There is considerable evidence that environmental oestrogens impact upon the development of the female genital tract and subsequent fertility in fish, laboratory rodents, and livestock. Such oestrogenic compounds may be (1) naturally occurring compounds synthesised by plants to resist pathogens, (2) natural steroidal oestrogens or synthetic oestrogens excreted into the environment, or (3) chemicals synthesised for another purpose and found subsequently to have oestrogenic activity.
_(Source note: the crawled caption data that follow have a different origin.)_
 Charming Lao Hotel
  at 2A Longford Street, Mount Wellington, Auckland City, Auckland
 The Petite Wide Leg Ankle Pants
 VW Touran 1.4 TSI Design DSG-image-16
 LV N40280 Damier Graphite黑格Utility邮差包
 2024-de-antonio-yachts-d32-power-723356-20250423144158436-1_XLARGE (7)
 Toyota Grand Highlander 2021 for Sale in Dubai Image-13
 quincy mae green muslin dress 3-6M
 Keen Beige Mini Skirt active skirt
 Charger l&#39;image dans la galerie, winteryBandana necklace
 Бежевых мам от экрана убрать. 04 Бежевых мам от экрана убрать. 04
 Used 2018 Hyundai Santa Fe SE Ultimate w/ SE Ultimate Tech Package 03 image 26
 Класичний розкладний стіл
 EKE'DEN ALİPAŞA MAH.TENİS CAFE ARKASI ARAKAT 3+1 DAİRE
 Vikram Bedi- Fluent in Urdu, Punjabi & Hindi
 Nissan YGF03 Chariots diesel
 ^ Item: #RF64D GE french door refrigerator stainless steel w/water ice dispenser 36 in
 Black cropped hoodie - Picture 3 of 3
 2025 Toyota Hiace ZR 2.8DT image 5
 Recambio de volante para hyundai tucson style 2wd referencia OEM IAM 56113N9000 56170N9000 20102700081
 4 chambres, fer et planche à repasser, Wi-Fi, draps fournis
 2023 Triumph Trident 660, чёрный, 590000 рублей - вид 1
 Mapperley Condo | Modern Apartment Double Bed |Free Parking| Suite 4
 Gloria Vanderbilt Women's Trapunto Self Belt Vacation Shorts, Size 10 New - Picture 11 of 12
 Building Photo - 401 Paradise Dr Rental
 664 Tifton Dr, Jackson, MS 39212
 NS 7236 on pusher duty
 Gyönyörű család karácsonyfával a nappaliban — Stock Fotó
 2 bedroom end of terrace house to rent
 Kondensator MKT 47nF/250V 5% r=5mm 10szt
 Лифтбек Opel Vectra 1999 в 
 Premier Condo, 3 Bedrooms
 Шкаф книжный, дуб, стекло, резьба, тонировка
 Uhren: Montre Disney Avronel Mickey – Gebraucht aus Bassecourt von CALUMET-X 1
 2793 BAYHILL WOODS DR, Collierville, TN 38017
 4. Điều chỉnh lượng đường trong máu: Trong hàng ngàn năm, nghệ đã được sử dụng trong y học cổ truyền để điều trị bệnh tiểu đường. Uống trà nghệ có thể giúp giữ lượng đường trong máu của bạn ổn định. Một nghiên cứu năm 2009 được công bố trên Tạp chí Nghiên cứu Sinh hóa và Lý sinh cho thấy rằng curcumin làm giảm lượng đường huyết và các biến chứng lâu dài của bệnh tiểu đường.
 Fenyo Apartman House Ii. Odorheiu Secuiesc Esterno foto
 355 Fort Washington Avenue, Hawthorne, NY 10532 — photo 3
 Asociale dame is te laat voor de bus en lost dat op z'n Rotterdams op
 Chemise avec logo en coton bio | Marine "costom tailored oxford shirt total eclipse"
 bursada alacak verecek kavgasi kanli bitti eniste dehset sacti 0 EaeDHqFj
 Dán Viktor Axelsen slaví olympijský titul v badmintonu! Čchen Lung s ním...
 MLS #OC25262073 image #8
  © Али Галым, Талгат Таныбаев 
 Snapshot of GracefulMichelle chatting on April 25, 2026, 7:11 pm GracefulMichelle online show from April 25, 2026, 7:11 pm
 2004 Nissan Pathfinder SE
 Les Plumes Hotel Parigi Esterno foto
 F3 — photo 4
In humans, there is growing evidence that such compounds may have an impact on male fertility and on the risk of developing breast cancer. The literature on the effect of environmental oestrogens on the human genital tract is surprising by its absence. It is evident that such compounds are in our environment, and that we ingest them. Furthermore, it is clear that they may affect the length of the human menstrual cycle. The true effect of such compounds on the pathophysiology of the female genital tract remains unknown. The animal data suggest that the timing of exposure to such compounds is crucial, with neonatal exposure having the most pronounced effects. Given the exposure of neonates to phytoestrogens, this should be a cause for concern. The impact of exposure to phytoestrogens in adulthood is also worthy of further study. Because there is clear evidence that natural and synthetic steroid oestrogens excreted into the environment may affect wildlife and also enter the human water supply, the impact of such agents deserves attention. Clearly, however, large scale longitudinal studies will be needed to separate the effects of environmental oestrogens from those of the abundant confounding factors.